IDC: Cloud Services Spending To Outpace IT Products Through 2014

If market analyst group IDC is right, cloud services revenue is poised to skyrocket, jumping from $16 billion last year worldwide to $55.5 billion by 2014. Thats a compound annual growth rate of 27.4 percent, more than five times that of traditional IT products over the same four-year period.

These eye-popping statistics come from a study called Worldwide and Regional Public IT Cloud Services 2010-2014 Forecast, which segments its coverage into five functional categories across eight regions or countries.

The report says public IT cloud services will hit 12 percent of the traditional IT product pending by 2014, but will make up over 25 percent of the net-new growth for these IT products, which means the smart money for IT vendors is on investing according to this net-new growth impact, instead of cloud services revenue. Though cloud applications dominated in 2009 among the five segments surveyed, IDC predicts a more even distribution of revenue to these other segments. The application segment, which currently takes up a little over one-third of overall market revenue, will diminish as the infrastructure-as-a-service and platform-as-a-service market grows. And customer adoption of cloud services will spread beyond the U.S., where growth predominates today, at 70.2 percent (for 2009). By 2014, IDC expects that number to fall to 51.4 percent, while other regions or countries such as Western Europe and Asia/Pacific (but not Japan) pick up the slack.

For vendors, cloud computing is critically important for two key reasons market growth and leadership disruption, said Frank Gens, senior vice president and chief analyst at IDC. The cloud model will propel IT market growth and expansion for the next 20 years and will help the industry to more rapidly develop and distribute a new generation of killer apps, and to more successfully penetrate small and medium-sized businesses.
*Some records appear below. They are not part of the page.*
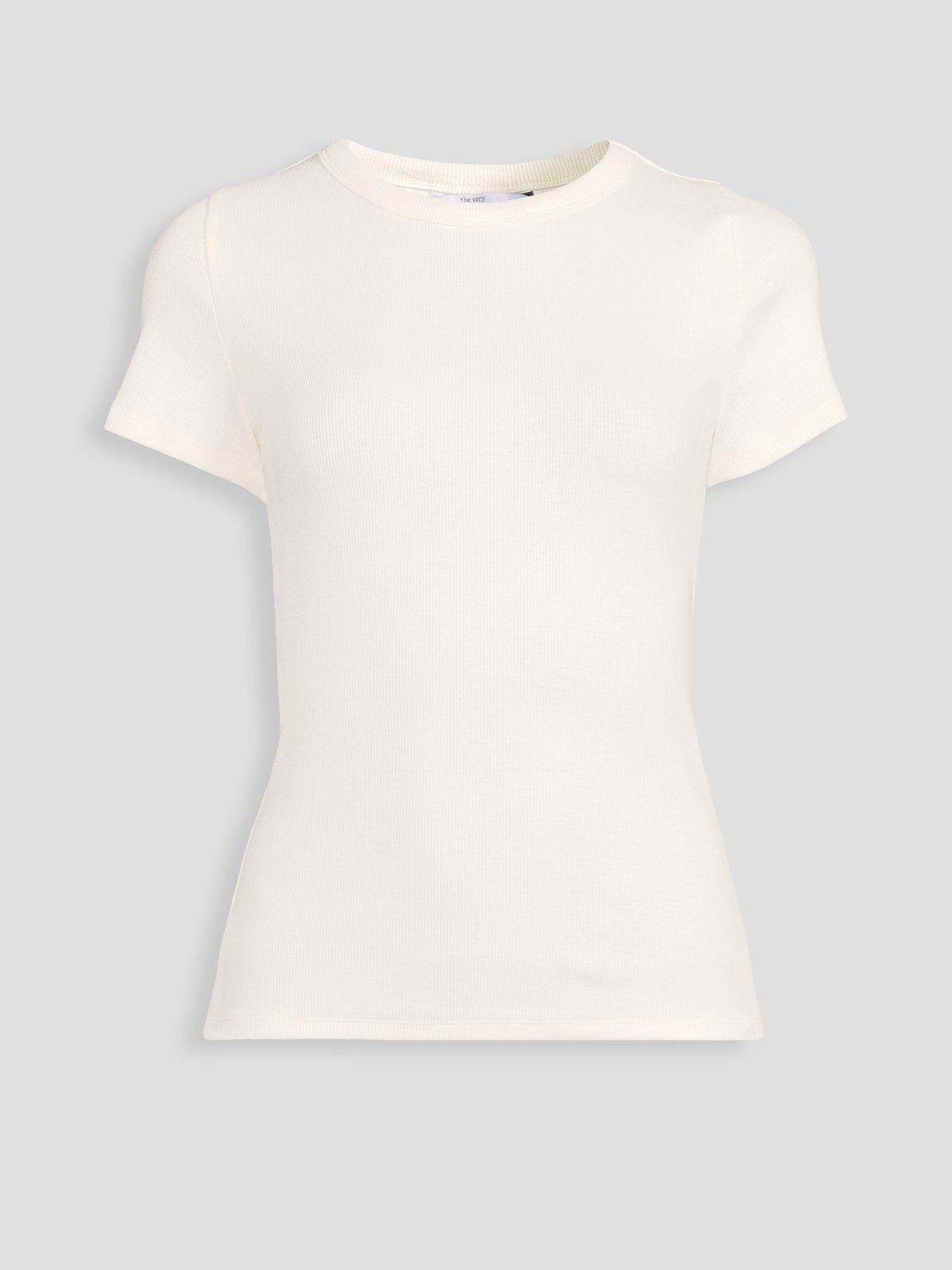 Image 7 of 7 of The Very Collection Stretch Rib T-Shirt - Ivory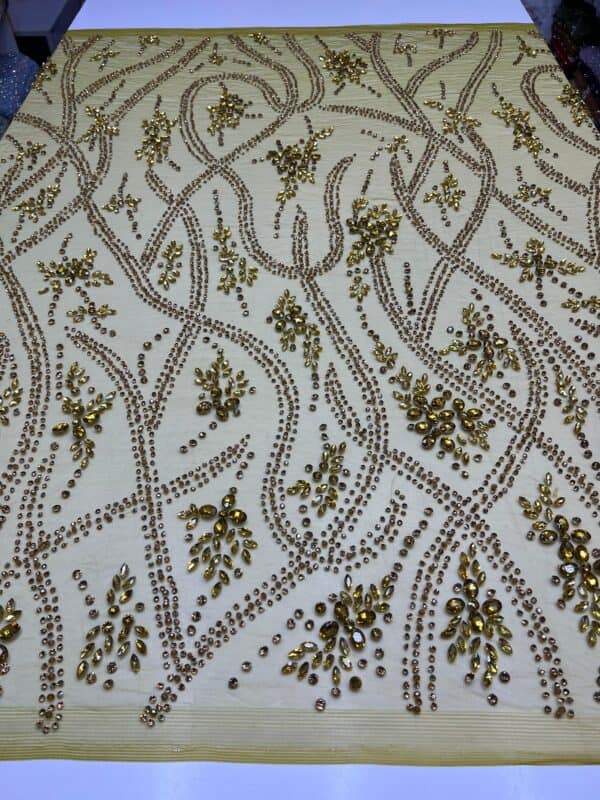 Luxury Embellished Lace Fabric –Embellished Fabric Collection FSL-LEF-FEB-305(4 yards) - Image 5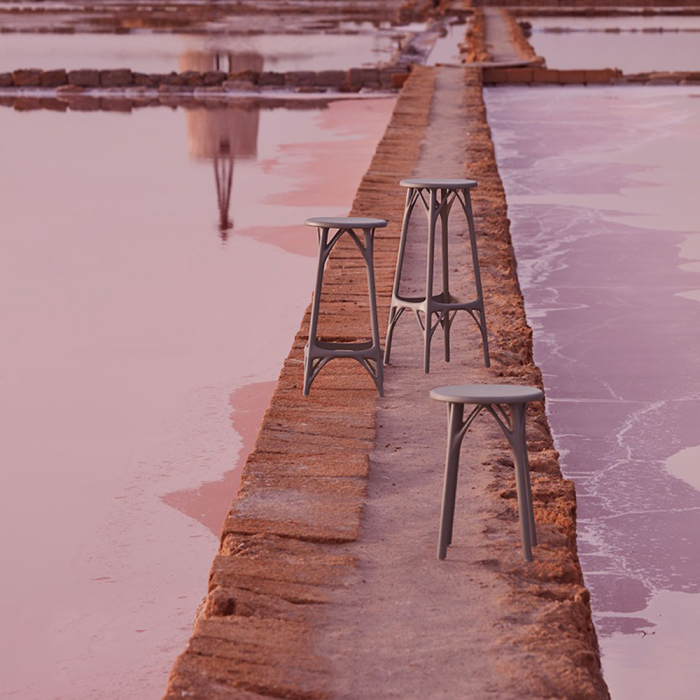 A.I., Stool Light, Grey, 45 cm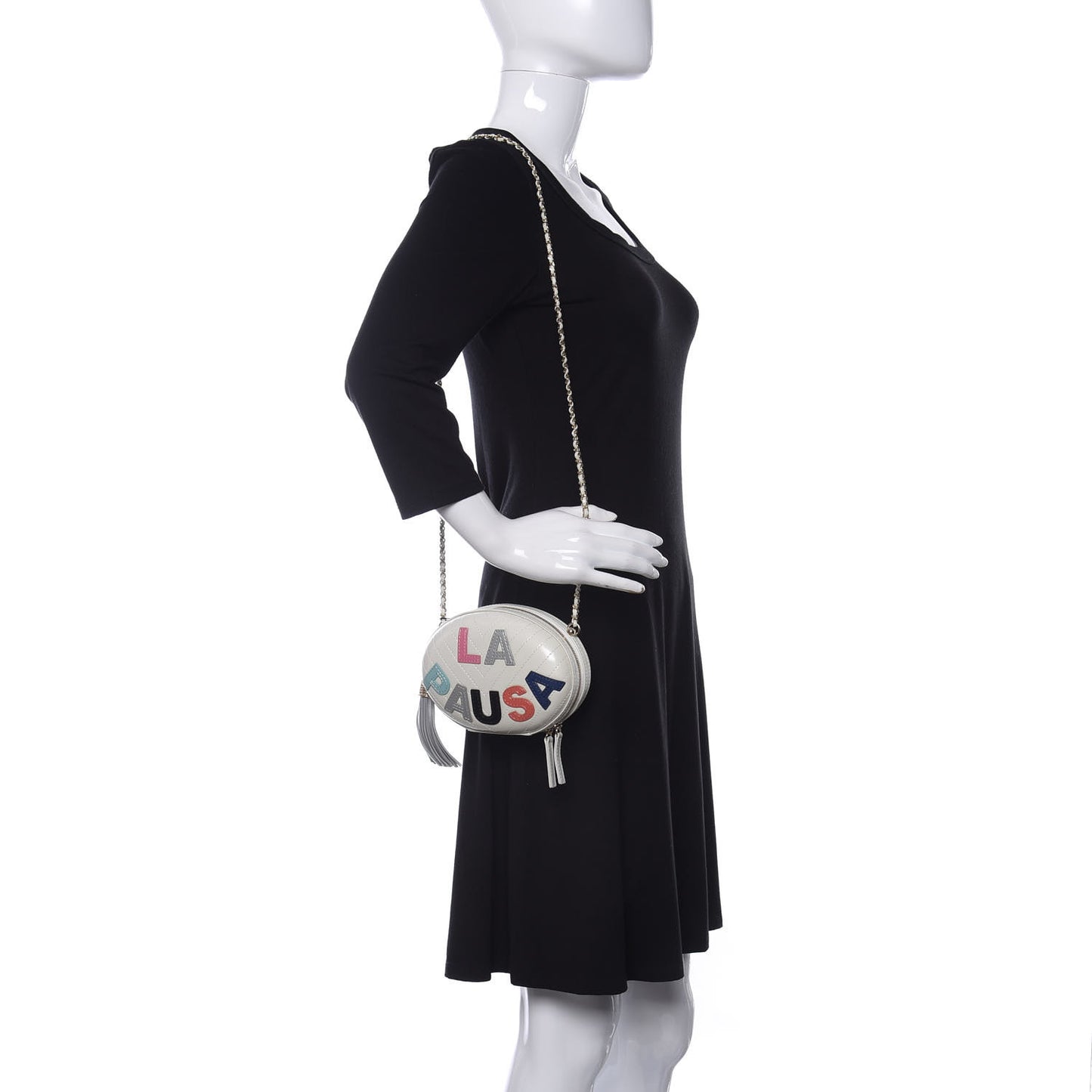 Embroidered Lambskin Chevron Quilted La Pausa Evening Bag White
As this happens, industry leadership ranks will certainly change. Additionally, our research with many CIOs about their plans for adopting cloud computing shows that IT customers are excited about the cost and agility advantages of cloud computing, but they also have serious concerns about the maturity of cloud computing offerings, specifically around security, availability, cost monitoring/management, integration, and standards.